Migranti lungo la rotta balcanica: triplicati dallo scorso gennaio

L’Europa guarda con preoccupazione al numero crescente di sbarchi che convogliano migliaia di migranti e rifugiati nei Paesi UE che si affacciano sul Mediterraneo. La fuga da guerre e miseria ha conosciuto un’impennata dall’inizio dell’anno, tanto che anche la cosiddetta rotta dei Balcani, via terra, è tornata a «gonfiarsi» nel corso degli ultimi mesi.
Secondo l’Agenzia europea delle guardie di frontiera Frontex, da gennaio a giugno sono state individuate oltre 70.000 persone sulla rotta balcanica, tre volte di più rispetto allo stesso periodo del 2021 e a un livello mai visto dopo la crisi del 2015-2016 quando quasi un milione di persone erano passate per tale cammino che in realtà comprende diversi percorsi. «Attualmente è la rotta migratoria verso l’UE più attiva», ha stimato Frontex lo scorso 12 agosto. A Subotica, città del nord della Serbia, sono migliaia le persone originarie del Maghreb ma anche dell’Asia, che recentemente si sono ammassate lungo il confine con l’Ungheria. Una situazione che non si vedeva dal 2015. Abbiamo cercato di capire cosa accade al confine tra Slovenia e Italia, sentendo Gianfranco Schiavone, presidente della Onlus «Consorzio italiano di solidarietà», ossia l’ente che dal 1998 gestisce il sistema di accoglienza e di protezione dei rifugiati a Trieste.
«In Italia - afferma Schiavone - registriamo un aumento degli arrivi in quanto dalla seconda metà del 2021 la procedura illegale delle riammissioni informali sul confine italo-sloveno (i profughi venivano costretti a tornare in territorio sloveno n.d.r.) è cessata. Quindi al confine orientale italiano le persone che chiedono protezione internazionale ottengono subito l’accesso alla procedura che purtroppo non è veloce». Questi tempi lunghi per l’accesso all’accoglienza si registrano anche in altri Paesi europei. E così a Trieste nell’estate 2022 è esploso il problema della mancanza di posti di prima accoglienza. «Ciò è dovuto al fatto che da inizio luglio, e il problema persiste a tutt’oggi, vi è stato un rallentamento drastico dei trasferimenti da Trieste verso altre città del Paese, che - rammenta Schiavone - avviene sulla base delle indicazioni fornite alla Prefettura di Trieste dal ministero dell’Interno. Se prima i richiedenti asilo rimanevano nel capoluogo del Friuli-Venezia Giulia per pochissimi giorni, ora vi rimangono per settimane».

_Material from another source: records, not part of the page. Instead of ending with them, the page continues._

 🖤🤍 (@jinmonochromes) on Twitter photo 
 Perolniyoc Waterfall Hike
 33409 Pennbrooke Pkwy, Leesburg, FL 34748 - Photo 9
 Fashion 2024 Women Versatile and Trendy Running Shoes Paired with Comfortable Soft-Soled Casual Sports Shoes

Nel frattempo, però, gli arrivi di migranti continuano, per cui il sistema di smistamento è gravemente ingolfato. All’inizio di questa settimana, nota Schiavone, vi erano almeno 250 persone senza posto. «Ed è una condizione che per molti migranti arrivati da noi perdura da 15-30 giorni. Il nostro ente, il Consorzio italiano di solidarietà - precisa il nostro interlocutore - ha fatto ben sette segnalazioni ufficiali alle autorità competenti, ma a tuttora il problema non è stato risolto». A Trieste ai primi posti per numero di arrivi figurano i cittadini di Afghanistan e Pakistan. Vi sono poi iracheni, iraniani e ultimamente sono aumentati gli arrivi dalla parte curda della Turchia.
«La maggior delle domande presentate a Trieste viene accolta - chiosa il presidente della Onlus - la media dei rigetti in prima istanza è del 37% contro una media nazionale del 56%. Ciò è dovuto al fatto che la rotta balcanica è percorsa prevalentemente da persone che hanno un bisogno oggettivo di protezione». «La prefettura, a cui spetta la ridistribuzione dei richiedenti protezione in varie località italiane, in luglio e agosto si è mostrata inadempiente, lasciando le persone letteralmente sulla strada».
I profughi e i migranti che non vogliono fermarsi in Italia rischiano di finire nella rete dei trafficanti. «Oggi nessun viaggio verso altri Paesi europei è organizzato dagli stessi migranti - afferma Schiavone - ciò avveniva in passato, ma gli accresciuti controlli e l’adozione dei respingimenti hanno favorito l’aumento delle organizzazioni che gestiscono il traffico dei migranti, alle quali i profughi devono rivolgersi per bypassare i controlli ed evitare i respingimenti». L’effetto paradossale dell’aumento dei controlli, sottolinea l’esperto di migrazione, è che ciò ha favorito le organizzazioni criminali.